• TASK ITEM: Ignoring the pictures, repeat every entry below exactly as it appears.

• Crawled caption data:
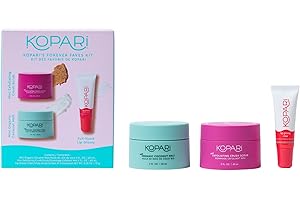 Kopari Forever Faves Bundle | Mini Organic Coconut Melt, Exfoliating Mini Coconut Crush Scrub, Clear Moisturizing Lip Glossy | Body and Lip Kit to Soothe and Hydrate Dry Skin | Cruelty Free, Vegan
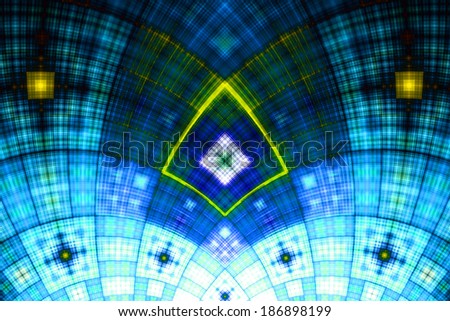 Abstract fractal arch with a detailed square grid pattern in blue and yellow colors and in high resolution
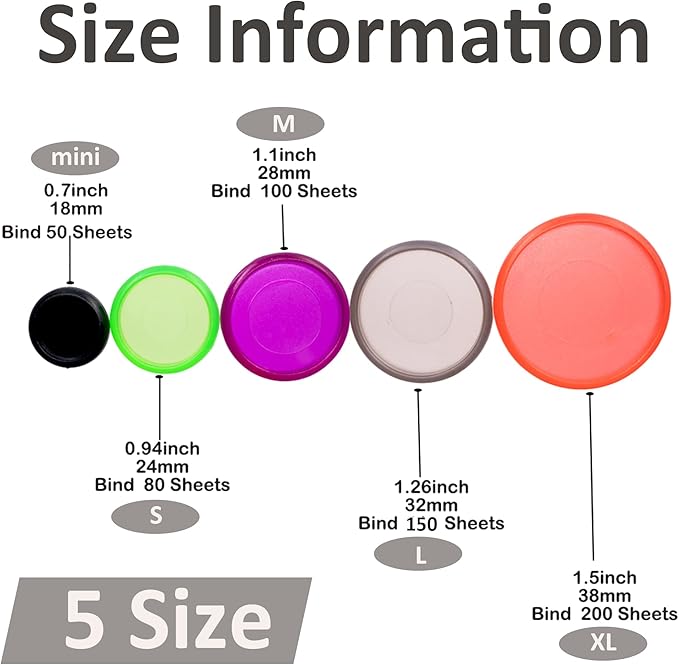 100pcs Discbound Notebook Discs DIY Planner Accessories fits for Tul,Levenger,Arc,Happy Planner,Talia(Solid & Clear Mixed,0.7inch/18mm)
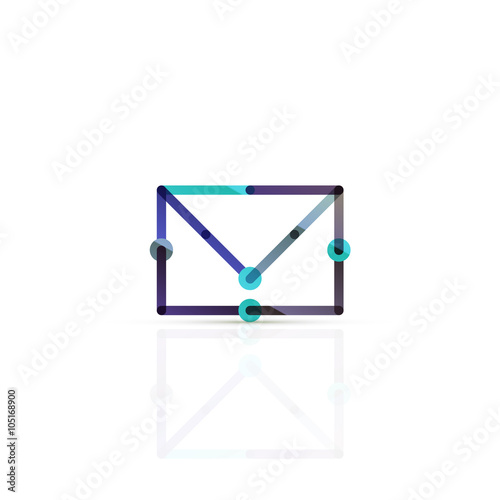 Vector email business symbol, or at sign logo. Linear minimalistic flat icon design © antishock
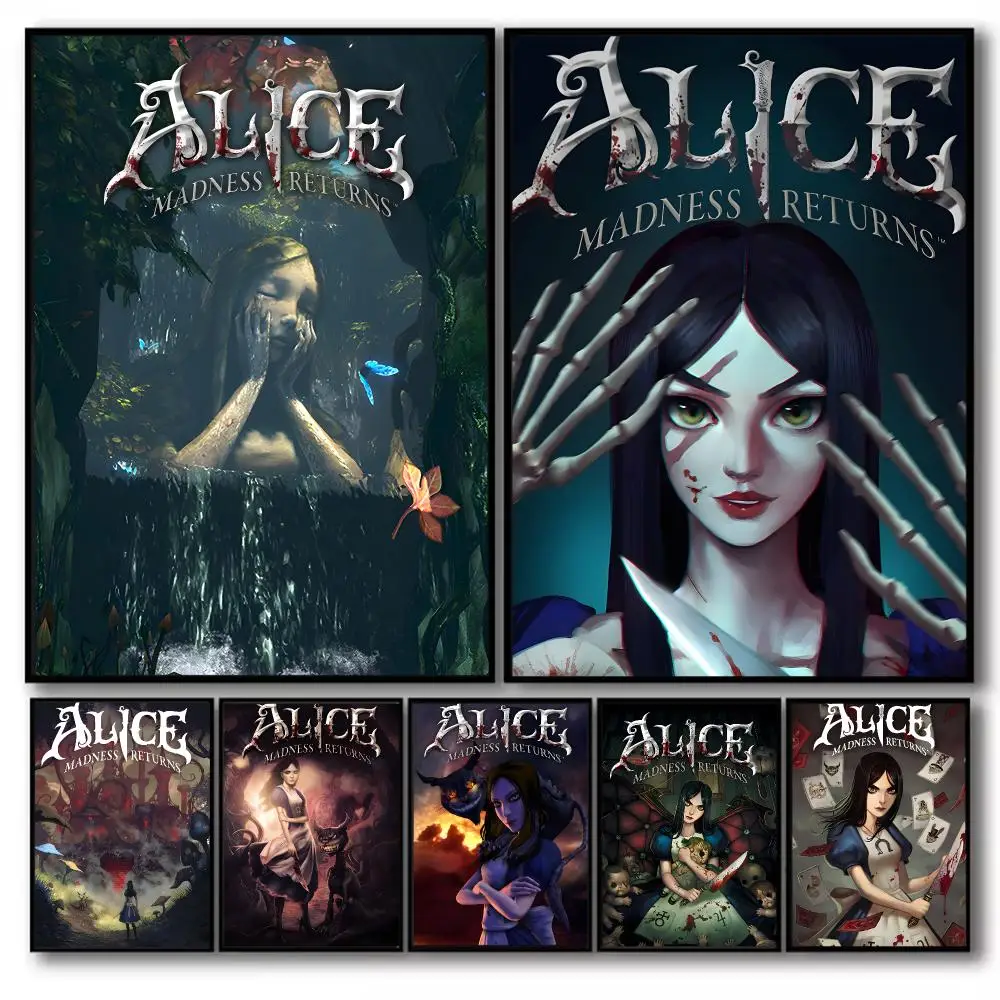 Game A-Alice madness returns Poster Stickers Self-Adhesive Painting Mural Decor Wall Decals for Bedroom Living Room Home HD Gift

• COMPLETED EXERCISE:
 Kopari Forever Faves Bundle | Mini Organic Coconut Melt, Exfoliating Mini Coconut Crush Scrub, Clear Moisturizing Lip Glossy | Body and Lip Kit to Soothe and Hydrate Dry Skin | Cruelty Free, Vegan
 Abstract fractal arch with a detailed square grid pattern in blue and yellow colors and in high resolution
 100pcs Discbound Notebook Discs DIY Planner Accessories fits for Tul,Levenger,Arc,Happy Planner,Talia(Solid & Clear Mixed,0.7inch/18mm)
 Vector email business symbol, or at sign logo. Linear minimalistic flat icon design © antishock
 Game A-Alice madness returns Poster Stickers Self-Adhesive Painting Mural Decor Wall Decals for Bedroom Living Room Home HD Gift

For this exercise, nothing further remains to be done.